„Ksiądz jest takim samym grzesznikiem jak ja, więc się nie spowiadam” – wyznaje na łamach „Newsweeka” Anna Sobańska z Warszawy, która regularnie chodzi do Kościoła i uważa się za praktykującą katoliczkę. Kiedyś mieliśmy „wierzących, niepraktykujących”, teraz „praktykujących, niespowiadających się”. Wkrótce pojawią się „niewierzący, spowiadający się”, o których zapewne przeczytamy w „Wysokich Obcasach”.
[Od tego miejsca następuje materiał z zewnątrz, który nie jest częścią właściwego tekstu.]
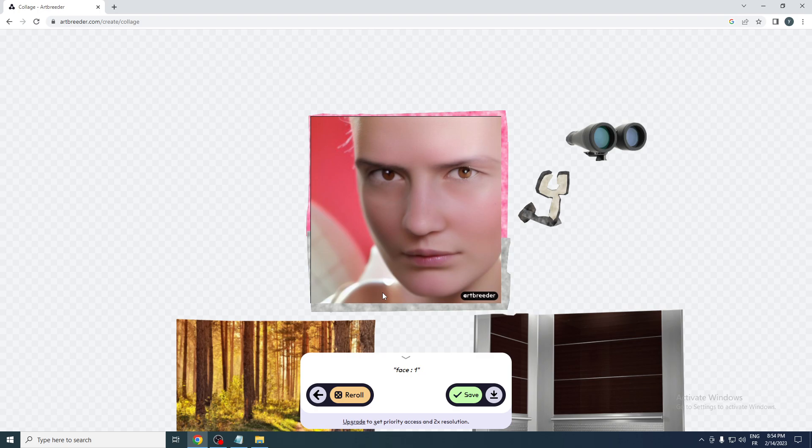Actually for a free AI, yeah it is pretty good guys. So this is how you can use Artbreeder. Thank you guys for watching and see you in the next tutorial.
W „Wyborczej” fragment wywiadu z Aleksandrem Kwaśniewskim z „Krytyki Politycznej”: „Kościół polski (...) jest skazany na wszystkie procesy sekularyzacyjne, które są związane z procesami europejskimi. I albo dokona niezbędnej reformy wewnętrznej, albo zamknie się i zacznie być problemem dla całego uniwersalnego Kościoła katolickiego”. Tylko ktoś musi te reformy przeprowadzić. A może sam...?
„Dziennik” opisuje wyjazd Grzegorza Napieralskiego (SLD) do Hiszpanii, gdzie chciał się uczyć od tamtejszych socjalistów, nie jak reformować Kościół, lecz jak z nim walczyć. „Warto wiedzieć, w jaki sposób ekipa Zapatero przerobiła światopoglądowo Hiszpanię. Może stosowali jakieś techniki marketingowe?”
– zastanawia się Joanna Senyszyn. Gdyby zastosowali technikę pod nazwą „Senyszyn”, w Madrycie rządziłoby dziś Opus Dei.
„Przekrój” opisuje zaskakujące wyniki badań socjologicznych w USA. „Małżeństwo przysparza najwięcej szczęścia, zanim zostanie zawarte. Mężczyźni są najszczęśliwsi rok przed ślubem, kobiety – w momencie zawarcia związku. Rozwód zwiększa za to poczucie zadowolenia z życia zarówno u mężczyzn, jak i u kobiet”. Co się jednak stanie, gdy Kościół (w ramach reform Kwaśniewskiego) skasuje sakrament małżeństwa? Skąd będziemy wiedzieli, kiedy mamy być szczęśliwi, a kiedy zdołowani?